The CTA, enacted by Congress in January 2021, directs the United States Treasury Department’s Financial Crimes Enforcement Network (“FinCEN”) to establish and maintain a national registry of beneficial owners of entities defined as “reporting companies” (“Reporting Companies”). The national registry is part of the government’s efforts to thwart bad actors seeking to use shell companies or other opaque ownership structures to realize their unlawfully acquired gains. On September 29, 2022, FinCEN issued a Final Rule to implement the information reporting provisions of the CTA effective January 1, 2024.

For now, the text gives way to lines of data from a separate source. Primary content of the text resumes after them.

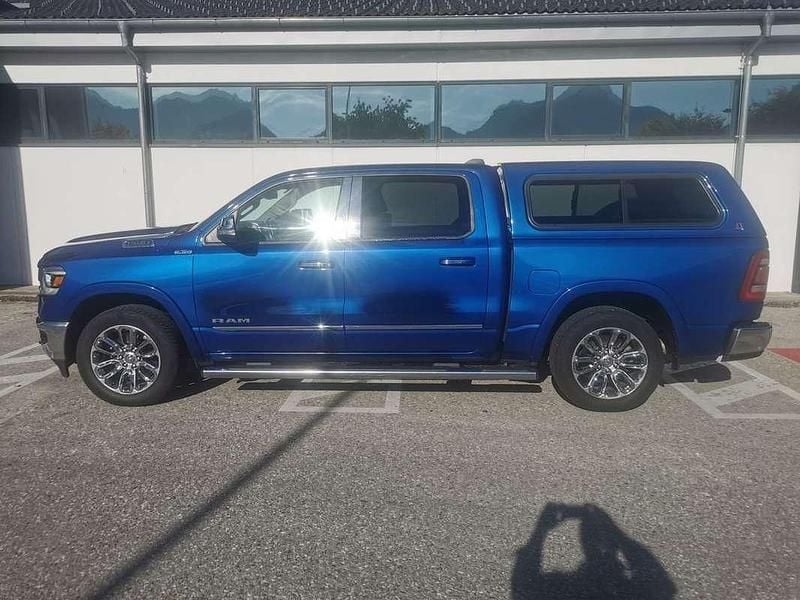 Blau Gebraucht 2019 Dodge Ram Abholung | € 69.900 (Fairer Preis) - Bild 1/4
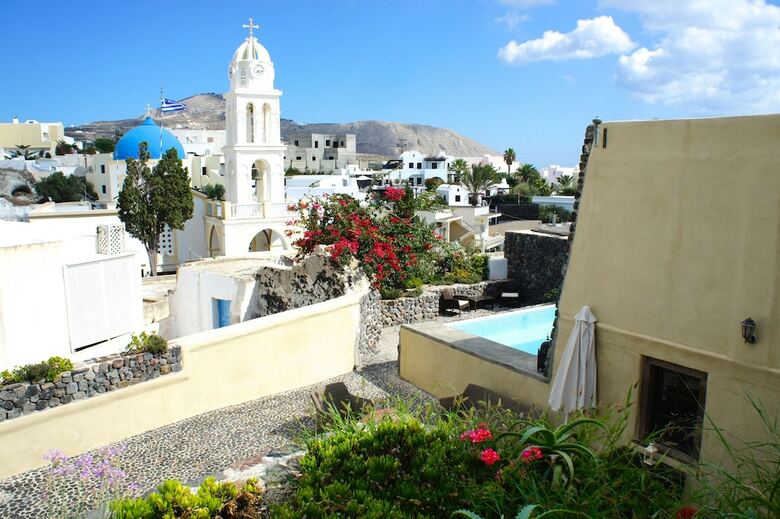 Hotel Santorini Heritage Villas & Mansions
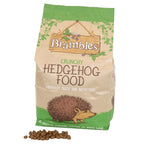 Brambles Crunchy Hedgehog Food | 3 Sizes Available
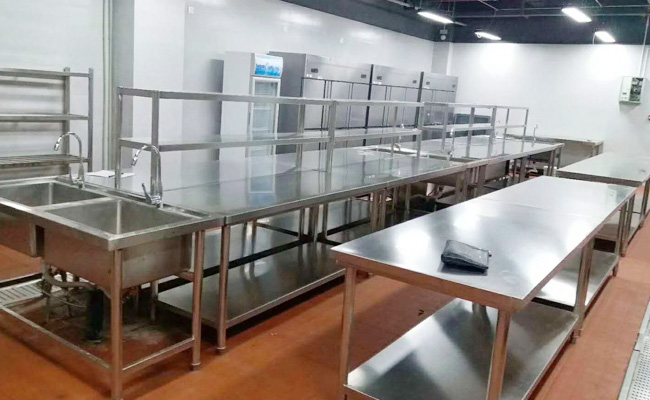 贵州遵义外国语学校食堂91免费看黄片设备项目4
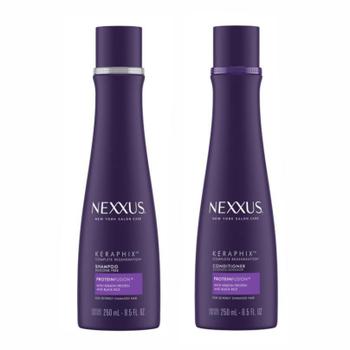 Imagem de Kit Shampoo e Condicionador Nexxus Keraphix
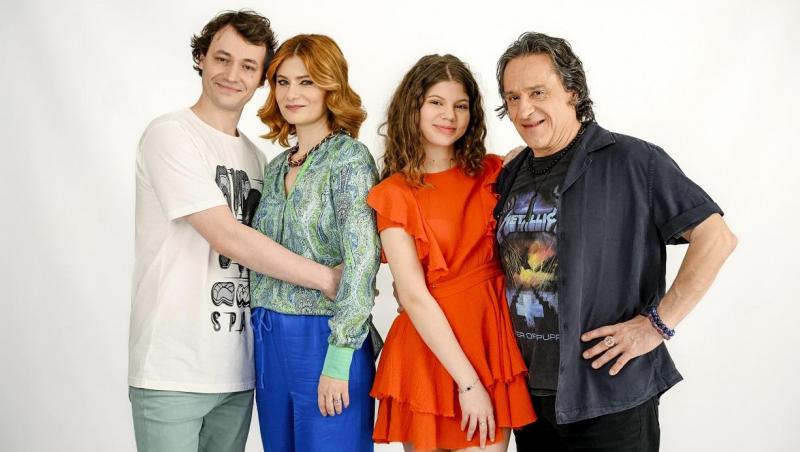 Răzvan Alexe a devenit tată de curând. Primele imagini cu actorul și bebelușul. Cum se descurcă în noua postură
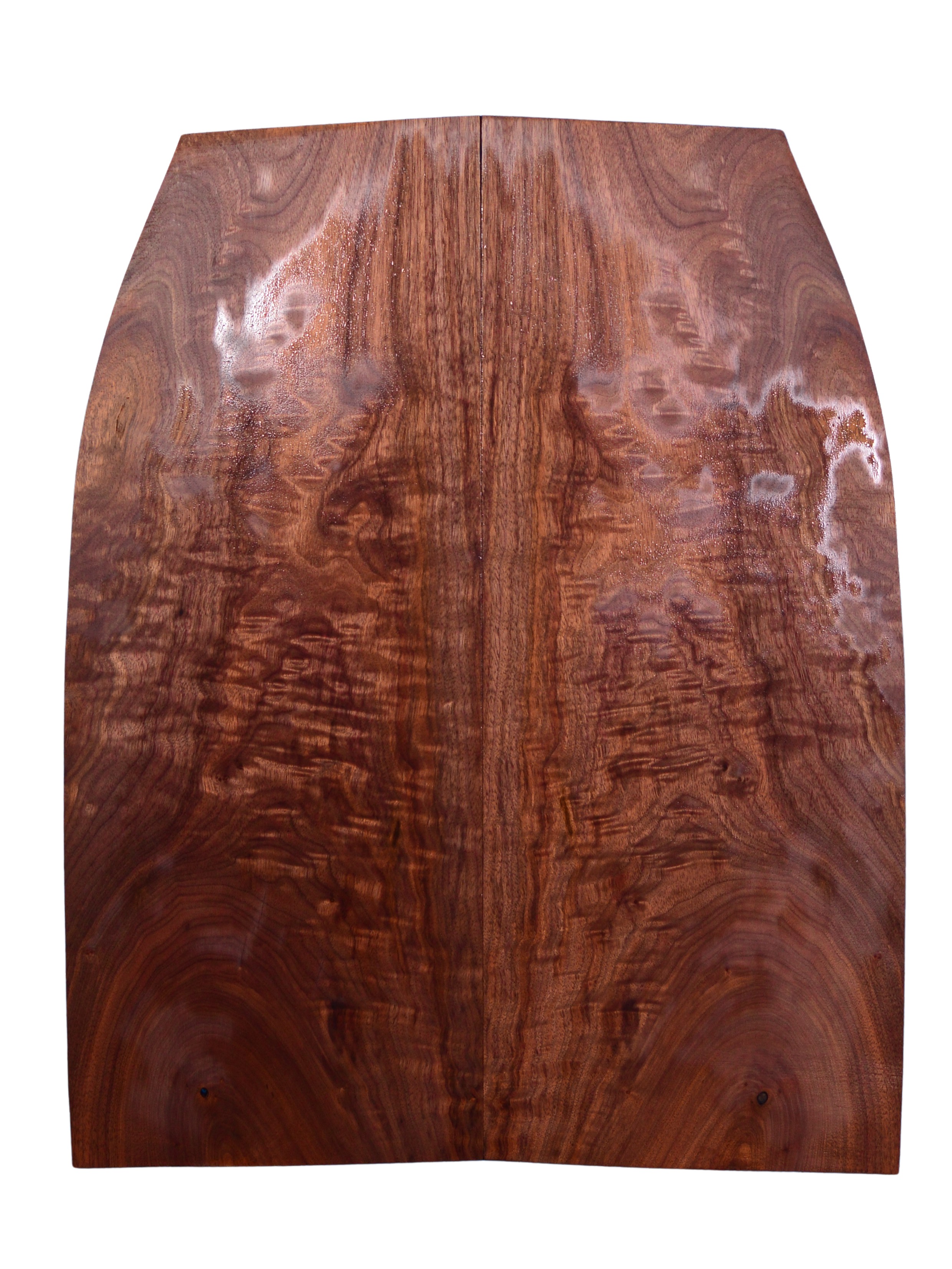 Walnut (Black) GuitarSolidBodyTopATC L026571.G.008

What is a Reporting Company?

The CTA defines two categories of Reporting Companies. The first category includes domestic entities, which is defined to include corporations, limited liability companies, or other similar entities created by the filing of a document with a secretary of state or a similar office under the laws of a state or Indian tribe. The second category includes foreign entities. The CTA provides that an entity formed under the law of a foreign country is only a Reporting Company if it is registered to do business in any state or in any Tribal jurisdiction by the filing of a document with a secretary of state or any similar office under the laws of a state or Indian tribe. There are 23 types of entities that are exempt from the reporting requirements, discussed below in more detail.

Whose information must be reported?

Reporting Companies must file and maintain a beneficial owner report with FinCEN, which will include identifying information for (1) all beneficial owners, and (2) company applicants (only for Reporting Companies formed on or after January 1, 2024). A “beneficial owner” is any individual who exercises “substantial control” over the Reporting Company or who owns or controls a 25% “ownership interest” in the Reporting Company. A “company applicant” is any individual who directly files the document that creates the domestic Reporting Company or registers the foreign Reporting Company, and the individual who is primarily responsible for directing or controlling such filing if more than one individual is involved in the filing.

When must a Reporting Company provide the information? 

The CTA’s reporting requirements go into effect January 1, 2024. For existing Reporting Companies, the initial report must be filed by January 1, 2025. New Reporting Companies formed on or after January 1, 2024 have only 30 calendar days to file the initial report. The 30-calendar day period runs from the time the entity receives actual notice that its creation or registration is effective, or after a secretary of state or similar office first provides public notice of its creation or registration, whichever is earlier. If an entity initially was exempt from the CTA reporting requirements, but subsequently loses that exemption, the entity has 30 days to file the initial report. Going forward, Reporting Companies will have 30 calendar days to report any changes to previously reported information.

Note that on September 28, 2023, FinCEN published a Notice of Proposed Rulemaking to extend the deadline for some new Reporting Companies to file initial reports. Under the proposed rule, the initial reporting deadline for entities created or registered on or after January 1, 2024, but before January 1, 2025, would extend from 30 days to 90 days. FinCEN’s goal is to give these entities additional time to understand the new reporting system and to collect the necessary information.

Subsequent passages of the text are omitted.